My dealings with the insurance company have been stellar. I was actually sort of surprised with how easy it was to get things replaced when our house was broken into. They cut me checks for the dumbest stuff stolen. Hair gel, combs, etc… they called me and asked assessed value of the hair gel.. 20 bucks (wife likes her hair stuff)...how much was used about 3/4.. so they would add 5 bucks to the tally. Jewelry stolen was just as easy and really scary how easy it would be for one to cheat the system. They replaced the stolen jewelry in either of two ways. We could take a check for the value of the pieces (based on what we said we paid) or go to a jewelry store they were "affiliated" with at the mall and purchase equal dollar amount their at cost. Amazing how much jewelry you can get with several thousand dollars when purchasing at cost, way more than what was taken.
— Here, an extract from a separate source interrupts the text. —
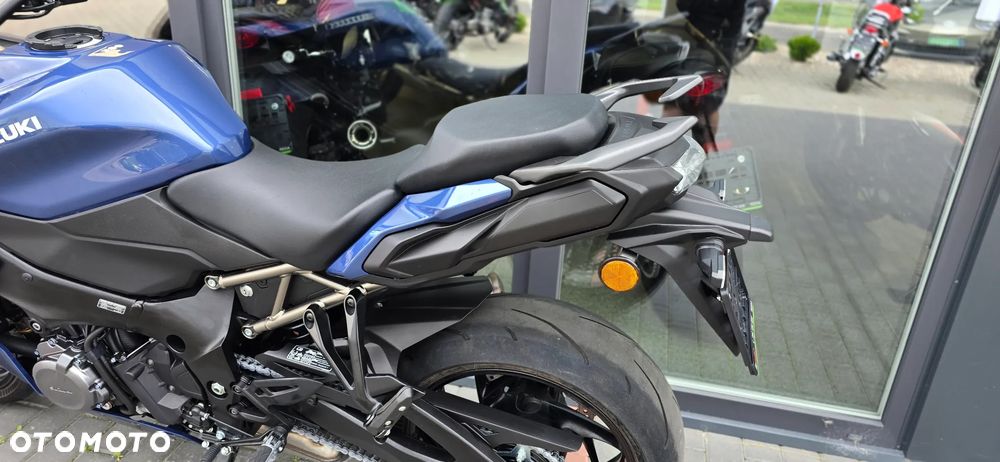 Suzuki GSX - 37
Also while at the store my wife realized (she has a lot of jewelry) that a ruby ring and emerald ring were missing. The store clerk calls the company and explains and the insurance company says replace whatever they had stolen. no questions asked. I called the police and reported the other items when we got home but amazed at how easy it would be to cheat the system if one was cut from that cloth.

This spring I plan on getting pictures and list of items and assess value.


----------



## Redoak49 (Dec 15, 2012)

I think that having a fire and burglar alarm system is a good idea. I looked at installing my own a couple of years ago and ended up having someone install a monitored system for me. It also covers an un-attached large shed which has some of my gardening and yard equipment. The main drawback is the monthly monitoring cost but decided it was worth it.

I am currently using a program called "Home Manage" by Liberty Street Software which works well for me. I think that no matter what you use a program, spreadsheet or whatever, there is quite a bit of work that goes into getting all the info into the system. Taking pictures is good but having all the other info (cost, purchase date, model, etc) is much better but is not a simple task. I plan start updating mine data in the near future and know that it will takes days to get it completed.


----------



## Tim457 (Jan 11, 2013)

Yeah Travis, I don't mean to make it sound like they are all hard to deal with, it's just that you don't really know how hard to deal with they will be until you have a big loss. They might be generous for smaller losses and tougher on bigger ones. Or the other way around even.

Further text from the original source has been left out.